* _What you have to do_:
All that is needed is the run of lines from the top of the entries to the line with "3402-3410 Dorr St, Toledo, OH", that line included, repeated exactly and free of pictures.

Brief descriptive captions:
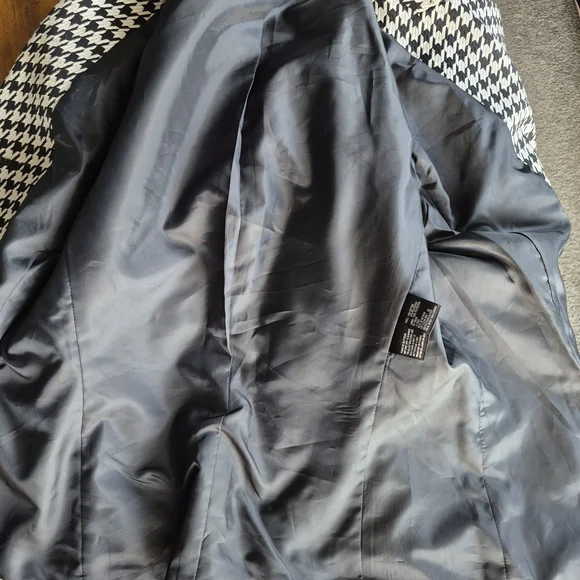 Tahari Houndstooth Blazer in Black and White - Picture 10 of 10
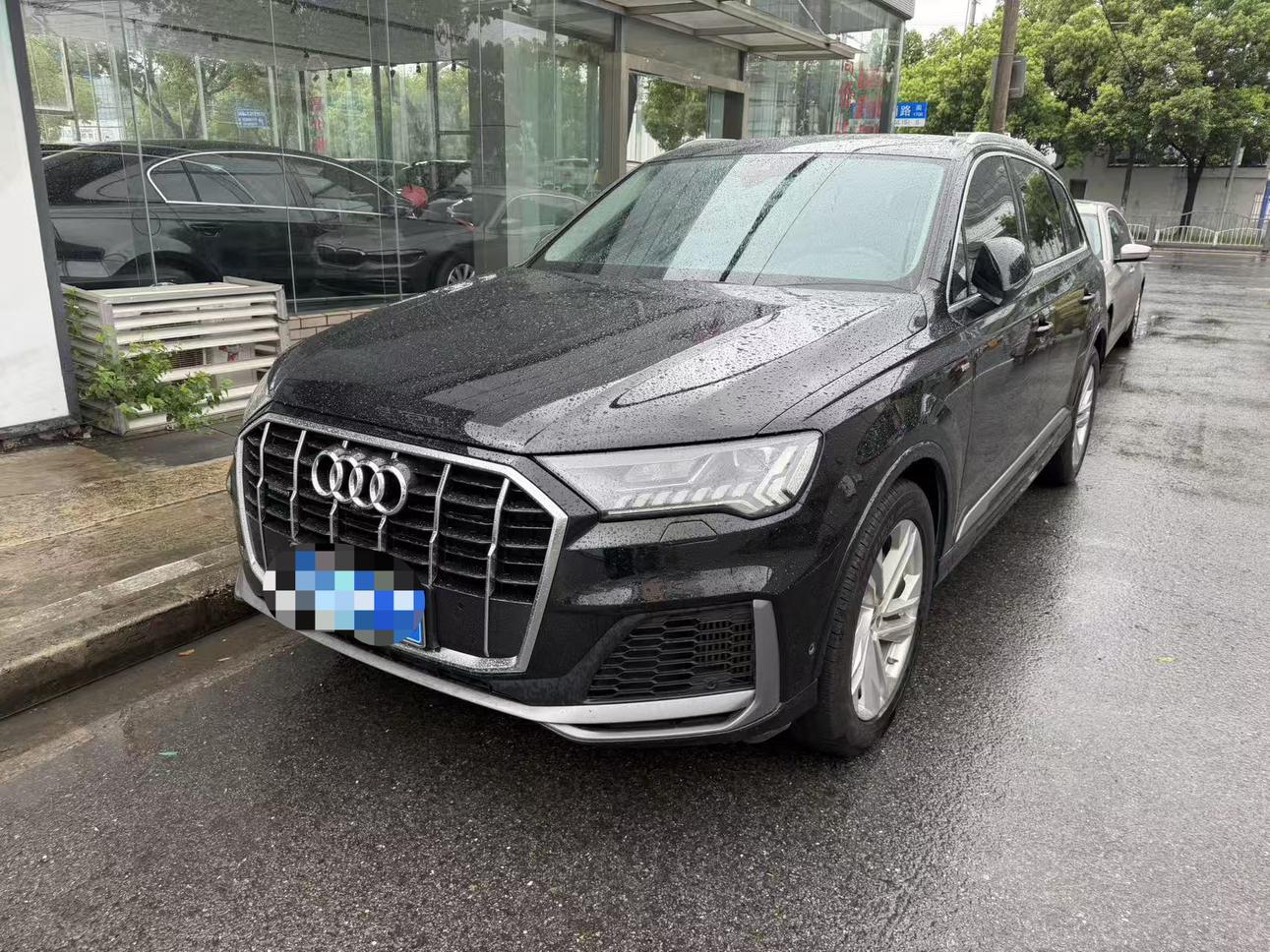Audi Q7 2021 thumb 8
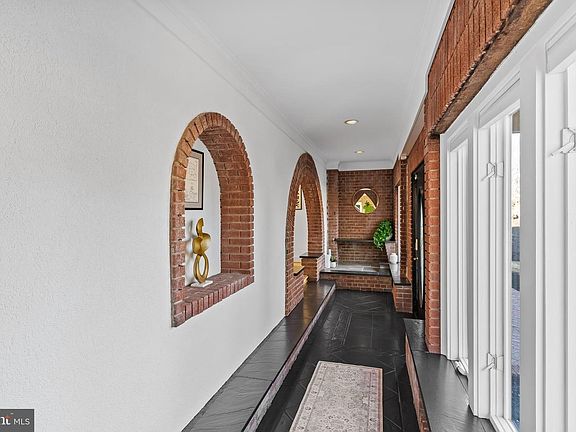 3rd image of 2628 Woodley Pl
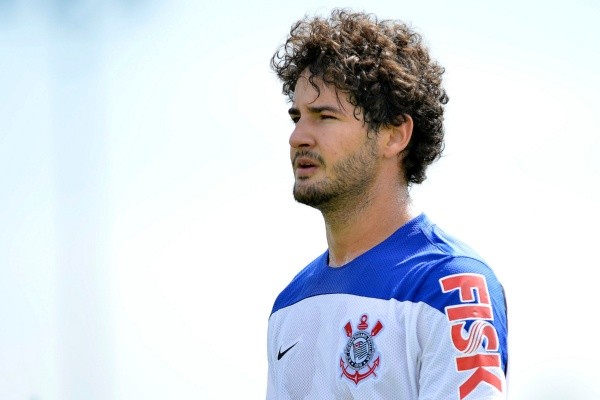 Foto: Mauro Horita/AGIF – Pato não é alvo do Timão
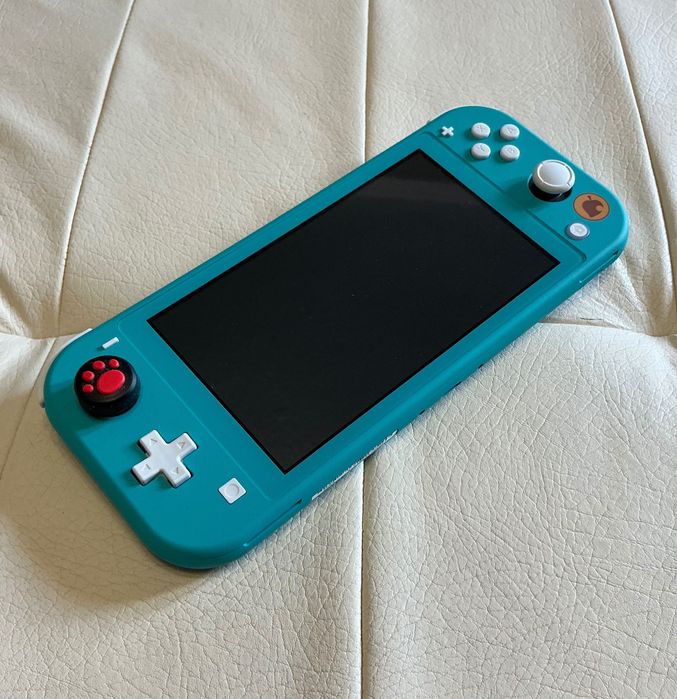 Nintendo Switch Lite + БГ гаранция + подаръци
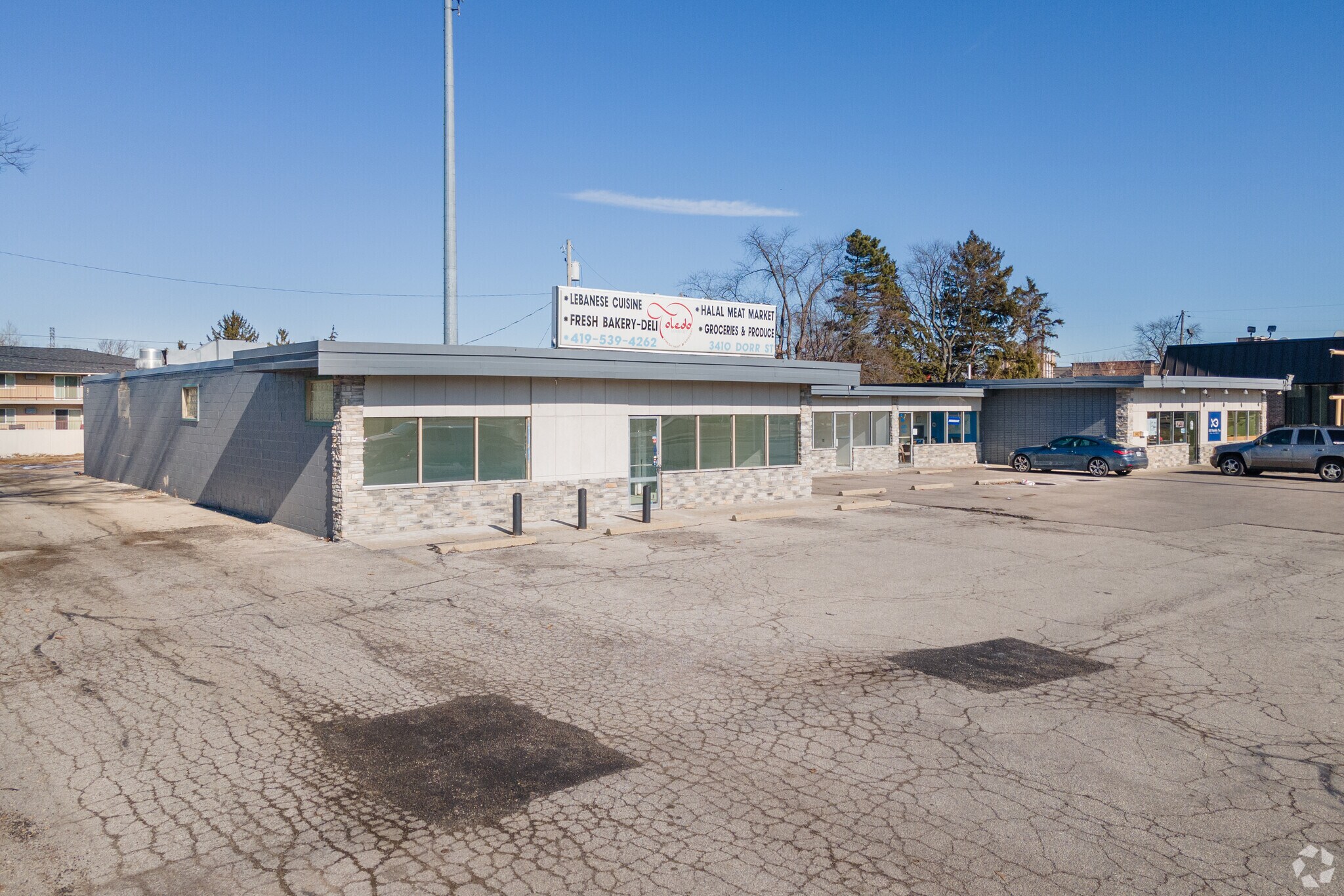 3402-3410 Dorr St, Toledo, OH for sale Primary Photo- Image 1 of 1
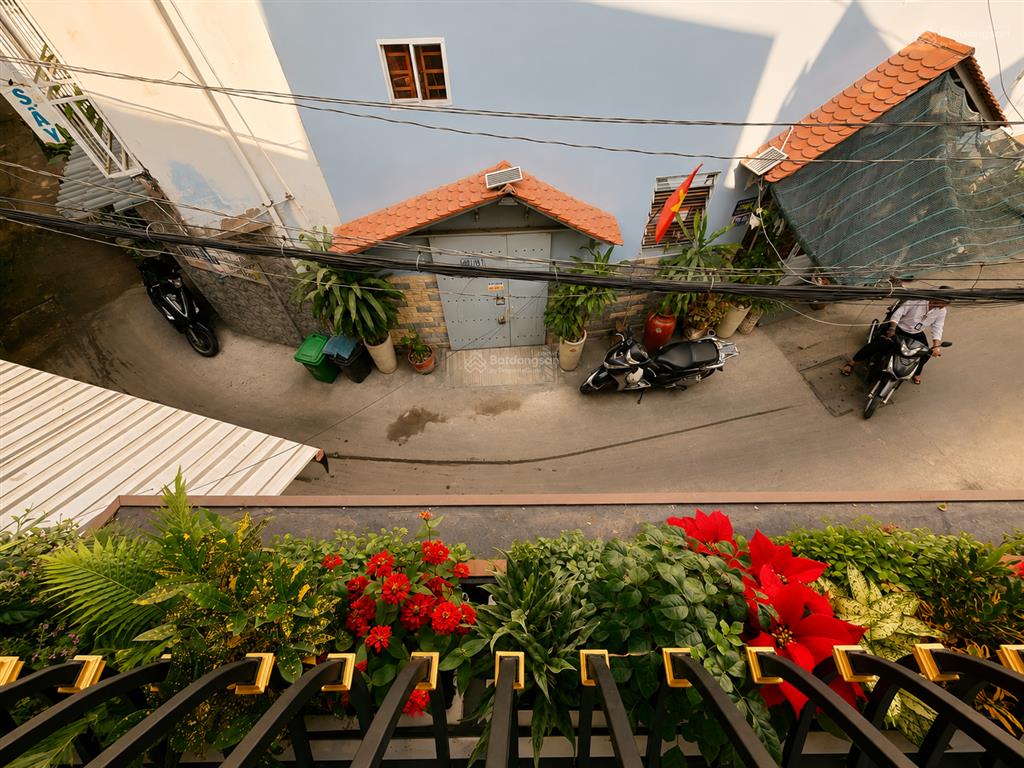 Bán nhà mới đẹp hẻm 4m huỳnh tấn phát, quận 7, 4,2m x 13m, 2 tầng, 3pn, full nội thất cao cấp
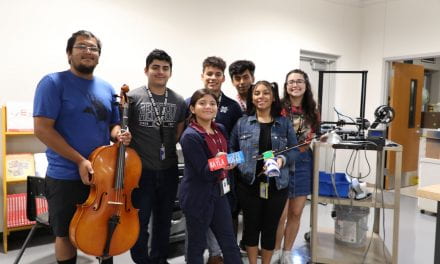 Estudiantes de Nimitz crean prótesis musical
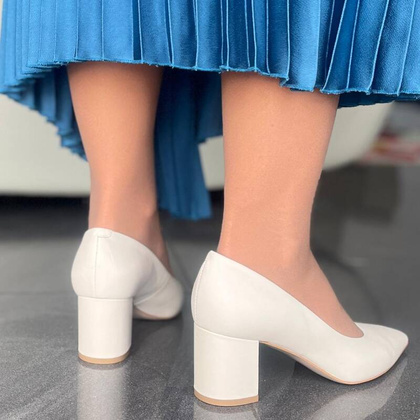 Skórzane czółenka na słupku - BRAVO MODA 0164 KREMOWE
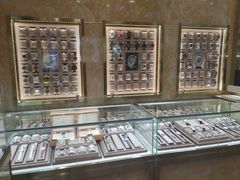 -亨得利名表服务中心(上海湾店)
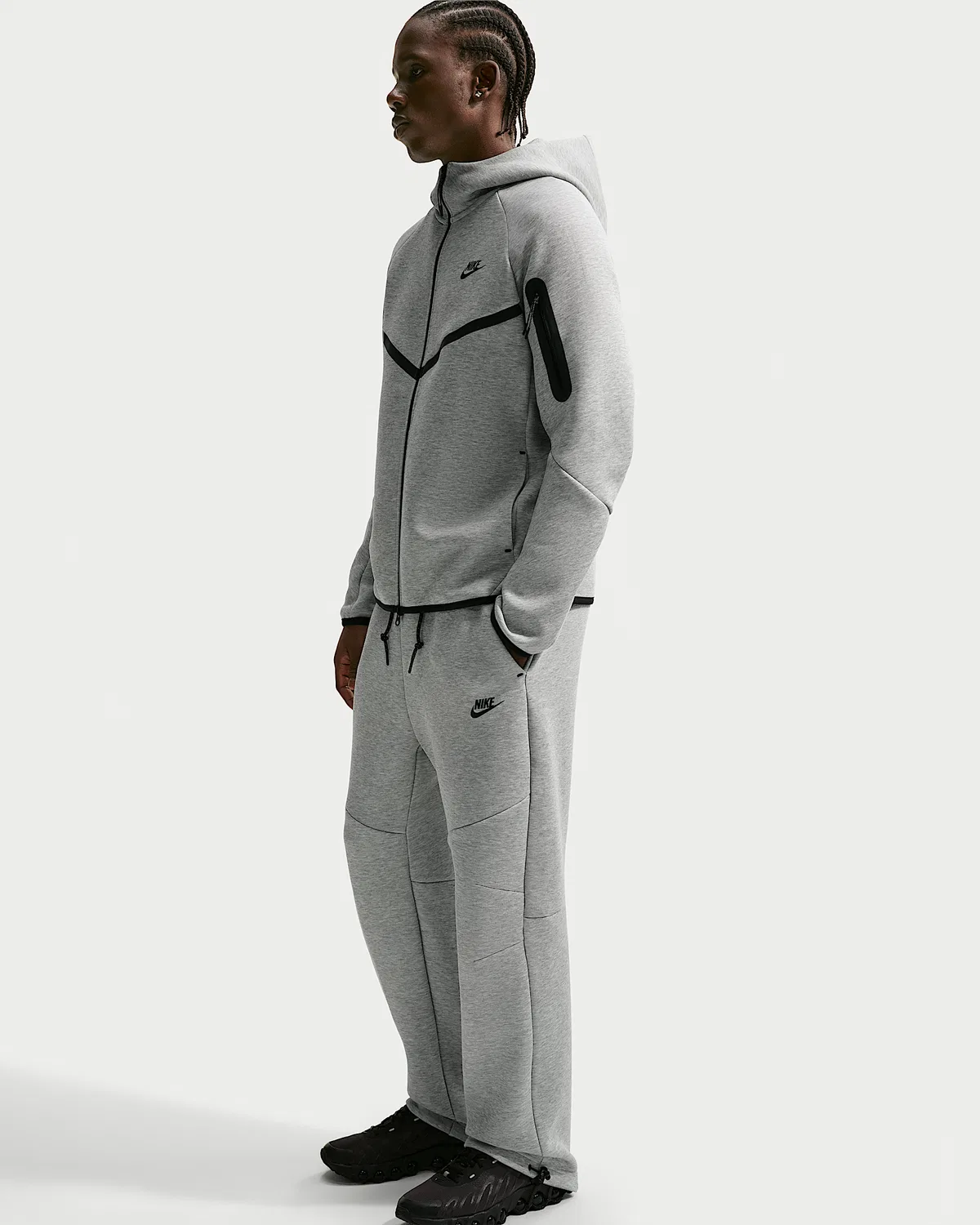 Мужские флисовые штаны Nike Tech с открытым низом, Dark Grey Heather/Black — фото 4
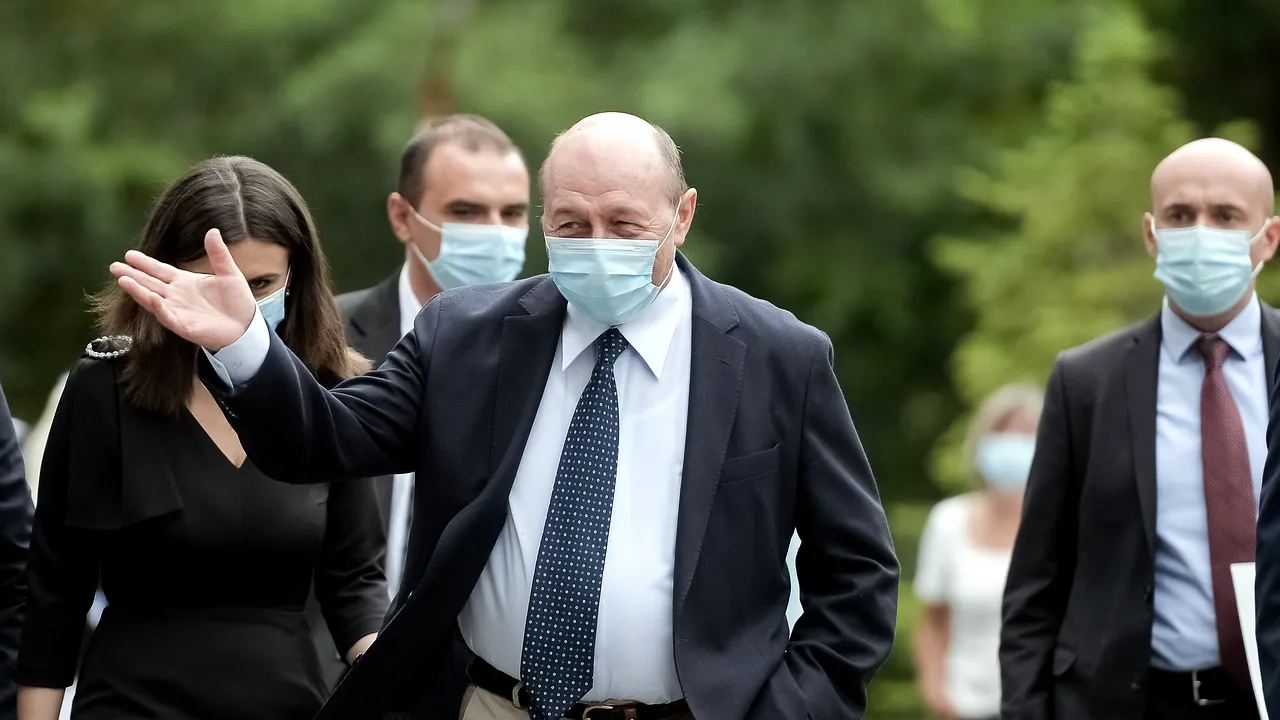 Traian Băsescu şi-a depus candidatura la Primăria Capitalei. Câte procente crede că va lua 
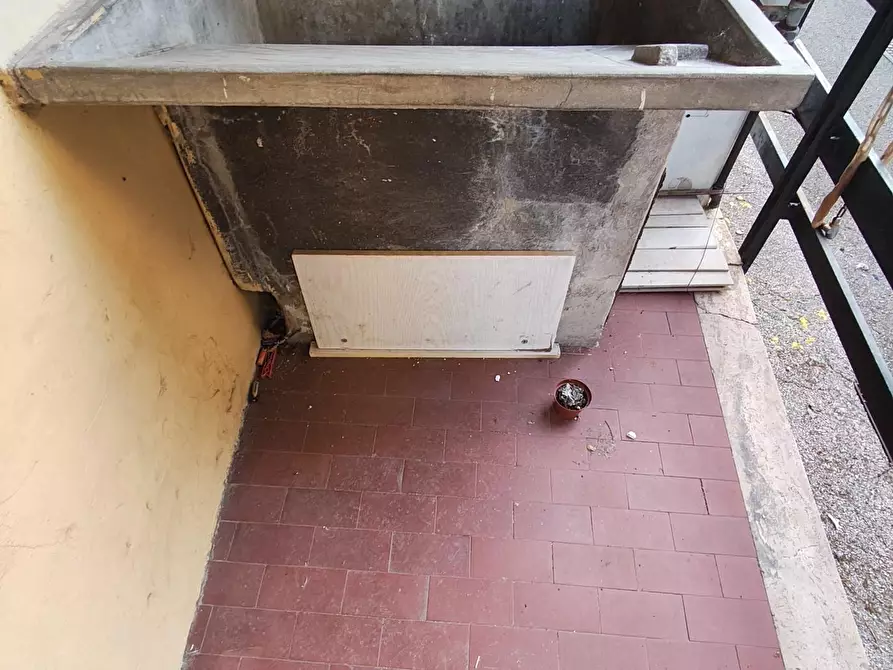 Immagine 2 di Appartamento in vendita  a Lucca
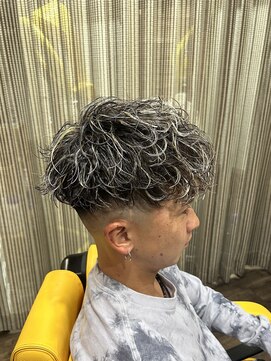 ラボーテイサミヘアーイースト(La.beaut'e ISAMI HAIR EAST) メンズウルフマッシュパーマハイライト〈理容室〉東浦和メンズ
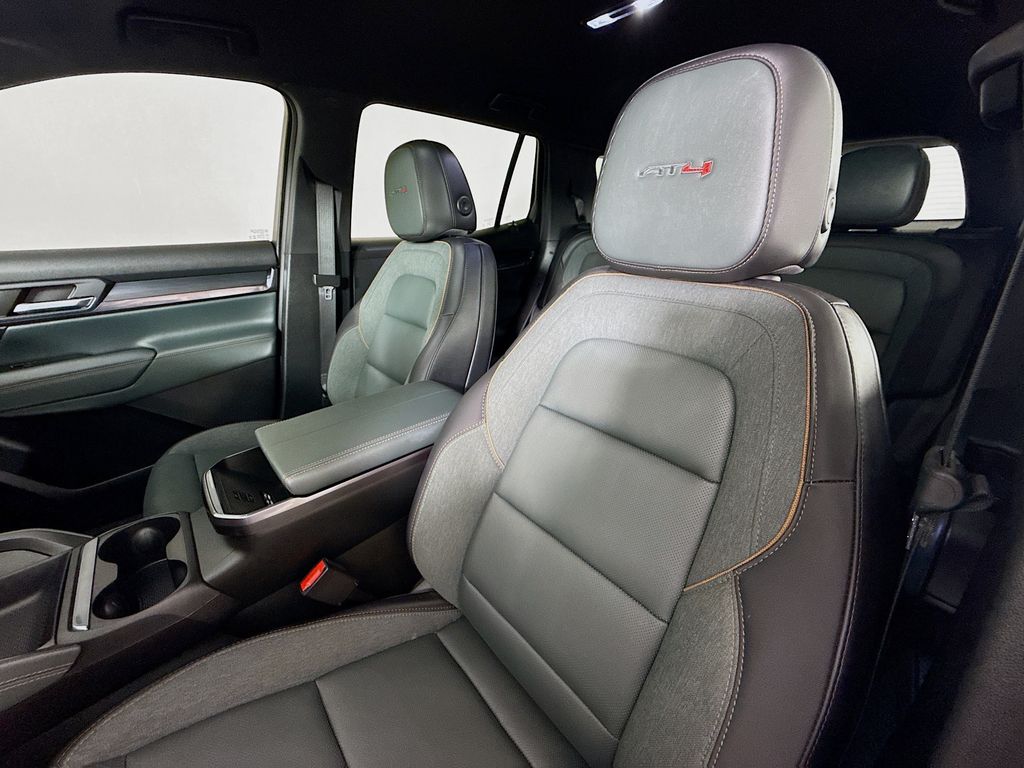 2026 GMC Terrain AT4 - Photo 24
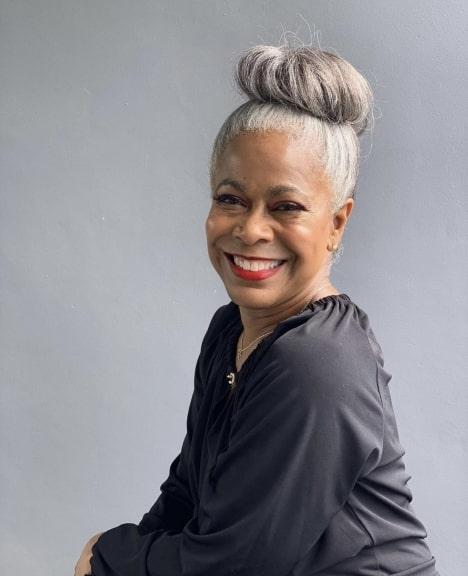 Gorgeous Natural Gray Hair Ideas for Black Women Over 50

* _Reply to the task_:
 Tahari Houndstooth Blazer in Black and White - Picture 10 of 10
Audi Q7 2021 thumb 8
 3rd image of 2628 Woodley Pl
 Foto: Mauro Horita/AGIF – Pato não é alvo do Timão
 Nintendo Switch Lite + БГ гаранция + подаръци
 3402-3410 Dorr St, Toledo, OH for sale Primary Photo- Image 1 of 1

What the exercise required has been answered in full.